Site Reliability Engineering (SRE) at Google Cloud combines software and systems engineering to build and run large-scale, massively distributed, fault-tolerant systems. As an SRE, you'll ensure Google Cloud's services maintain reliability and appropriate uptime while focusing on continuous improvement. The role involves optimizing existing systems, building infrastructure, and implementing automation solutions.
You'll tackle unique scaling challenges specific to Google Cloud while applying your expertise in coding, algorithms, complexity analysis, and large-scale system design. The position offers the opportunity to work with critical internal and external-facing systems, managing their capacity, performance, and reliability.

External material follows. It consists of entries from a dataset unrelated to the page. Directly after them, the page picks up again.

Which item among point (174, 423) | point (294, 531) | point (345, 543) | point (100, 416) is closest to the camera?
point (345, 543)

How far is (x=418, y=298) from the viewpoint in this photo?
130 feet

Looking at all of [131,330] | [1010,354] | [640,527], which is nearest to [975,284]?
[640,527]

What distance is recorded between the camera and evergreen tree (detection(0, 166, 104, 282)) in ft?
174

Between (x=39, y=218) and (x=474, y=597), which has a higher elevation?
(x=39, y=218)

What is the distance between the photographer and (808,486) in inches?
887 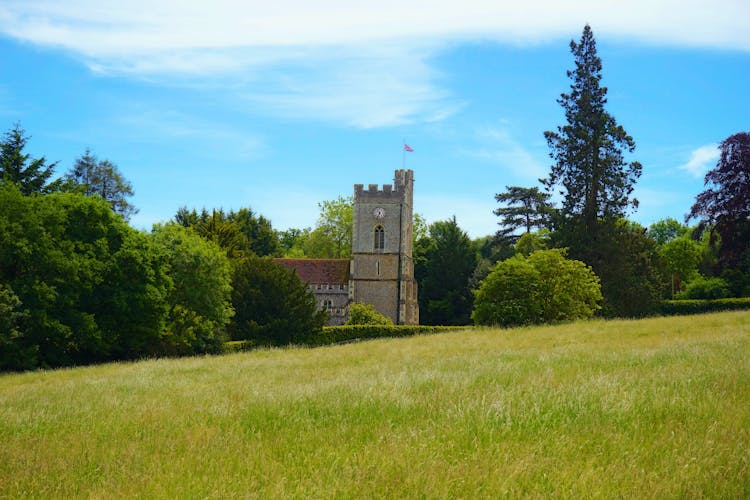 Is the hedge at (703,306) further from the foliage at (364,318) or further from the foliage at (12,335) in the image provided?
the foliage at (12,335)

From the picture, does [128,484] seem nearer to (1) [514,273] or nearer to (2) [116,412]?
(2) [116,412]

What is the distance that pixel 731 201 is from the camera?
44.8m

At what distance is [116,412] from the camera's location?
944 centimetres

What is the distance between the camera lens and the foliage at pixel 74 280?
2978cm

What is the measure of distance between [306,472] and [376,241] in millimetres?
62387

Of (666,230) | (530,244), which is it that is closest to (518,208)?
(530,244)

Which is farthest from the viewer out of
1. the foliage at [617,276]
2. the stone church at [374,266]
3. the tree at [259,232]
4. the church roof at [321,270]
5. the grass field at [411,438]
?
the tree at [259,232]

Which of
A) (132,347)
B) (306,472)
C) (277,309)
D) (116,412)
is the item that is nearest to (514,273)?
(277,309)

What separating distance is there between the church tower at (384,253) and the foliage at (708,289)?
83.9 feet

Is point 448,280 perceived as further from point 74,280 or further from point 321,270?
point 74,280

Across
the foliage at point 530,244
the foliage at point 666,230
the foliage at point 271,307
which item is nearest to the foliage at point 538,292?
the foliage at point 271,307

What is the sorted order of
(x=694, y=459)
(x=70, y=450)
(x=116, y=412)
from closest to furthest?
(x=694, y=459) → (x=70, y=450) → (x=116, y=412)

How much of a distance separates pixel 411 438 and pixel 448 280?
66.7 meters

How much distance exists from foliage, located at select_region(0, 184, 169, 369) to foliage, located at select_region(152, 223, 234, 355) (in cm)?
298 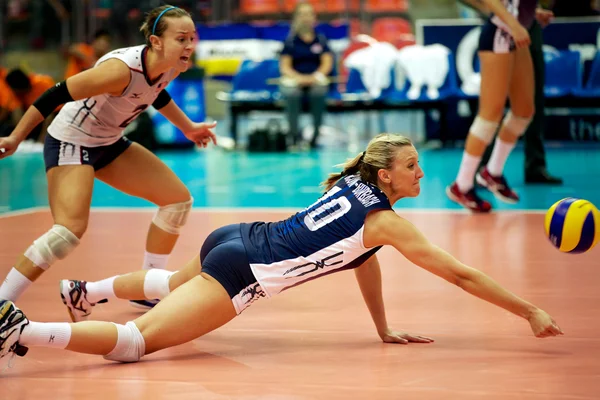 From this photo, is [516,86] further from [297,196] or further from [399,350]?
[399,350]

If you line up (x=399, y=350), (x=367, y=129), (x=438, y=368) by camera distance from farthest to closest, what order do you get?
(x=367, y=129) < (x=399, y=350) < (x=438, y=368)

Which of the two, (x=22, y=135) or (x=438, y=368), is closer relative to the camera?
(x=438, y=368)

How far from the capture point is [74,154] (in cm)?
466

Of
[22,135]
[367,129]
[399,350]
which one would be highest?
[22,135]

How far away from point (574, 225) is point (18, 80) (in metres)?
12.3

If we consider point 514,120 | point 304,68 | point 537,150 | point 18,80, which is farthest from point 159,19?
point 18,80

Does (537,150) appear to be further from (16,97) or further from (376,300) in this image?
(16,97)

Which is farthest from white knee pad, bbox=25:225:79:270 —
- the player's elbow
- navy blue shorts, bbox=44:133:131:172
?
the player's elbow

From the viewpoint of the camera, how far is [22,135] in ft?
13.8

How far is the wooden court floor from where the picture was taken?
345 cm

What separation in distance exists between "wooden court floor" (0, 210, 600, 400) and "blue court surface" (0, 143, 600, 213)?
2722 mm

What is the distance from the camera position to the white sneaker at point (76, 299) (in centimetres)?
438

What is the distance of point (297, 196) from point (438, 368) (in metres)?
5.73

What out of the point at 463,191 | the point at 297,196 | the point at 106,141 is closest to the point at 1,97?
the point at 297,196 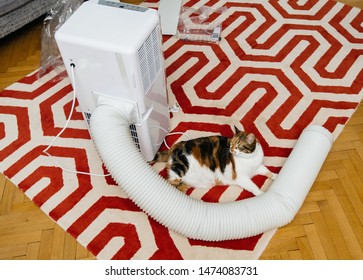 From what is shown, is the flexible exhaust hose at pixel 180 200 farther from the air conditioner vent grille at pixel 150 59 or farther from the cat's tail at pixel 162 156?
the cat's tail at pixel 162 156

The SRE team values diversity, intellectual curiosity, and problem-solving in a blame-free environment. You'll join a collaborative culture that brings together people with diverse backgrounds and perspectives, encouraging big thinking and risk-taking. The team promotes self-direction on meaningful projects while providing support and mentorship for professional growth.
Working with development teams in California and Bangalore, you'll contribute to projects vital to Google Cloud's success. Your responsibilities include maintaining service availability, implementing scalability solutions, and developing automation to prevent recurring issues. This role offers a unique opportunity to impact Google Cloud's infrastructure while working with cutting-edge technology and a supportive team.